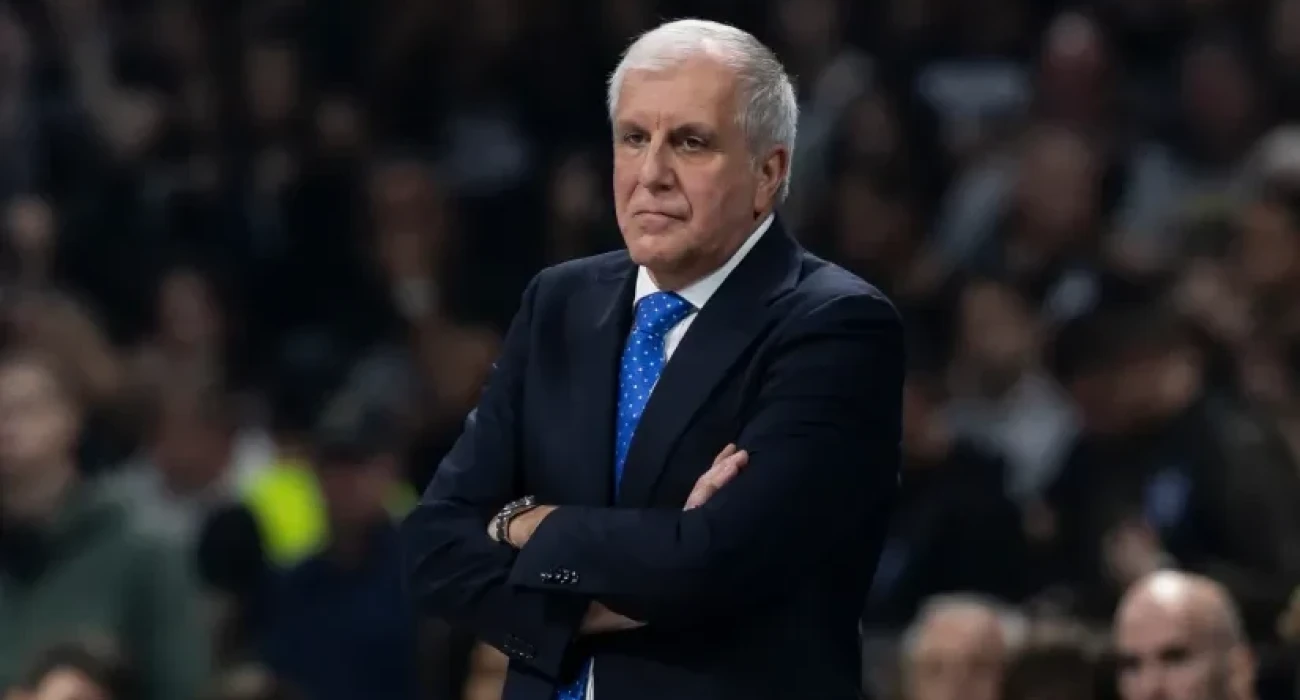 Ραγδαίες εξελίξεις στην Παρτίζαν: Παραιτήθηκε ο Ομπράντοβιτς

==

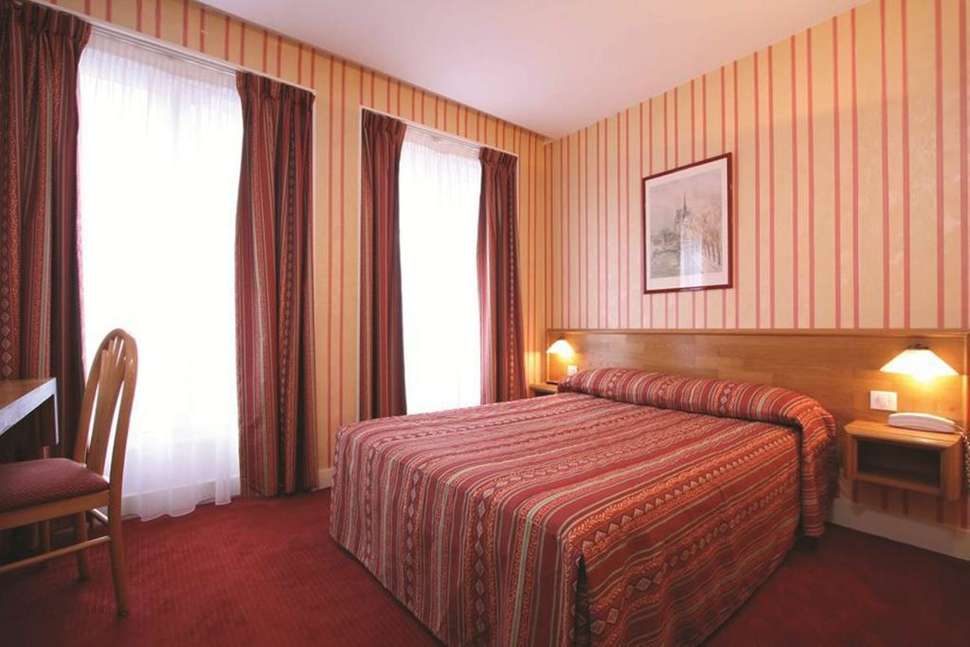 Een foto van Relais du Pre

...

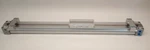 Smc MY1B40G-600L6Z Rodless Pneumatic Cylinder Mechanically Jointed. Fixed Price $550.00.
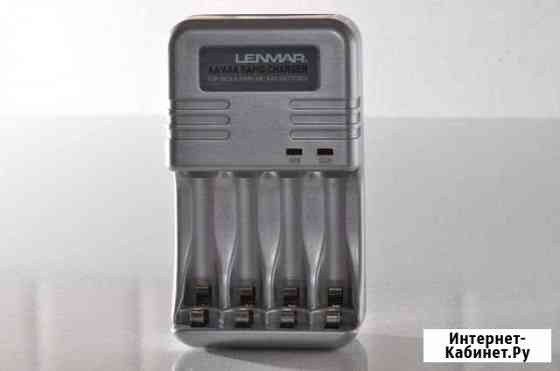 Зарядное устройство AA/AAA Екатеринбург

#### [TASK OBJECTIVE]
Leave out every picture, and copy exactly the lines above starting at the one holding "Smc MY1B40G-600L6Z Rodless" and ending at the one holding "Зарядное устройство AA/AAA Екатеринбург", no more and no less.

#### [COMPLETED TASK]
 Smc MY1B40G-600L6Z Rodless Pneumatic Cylinder Mechanically Jointed. Fixed Price $550.00.
 Зарядное устройство AA/AAA Екатеринбург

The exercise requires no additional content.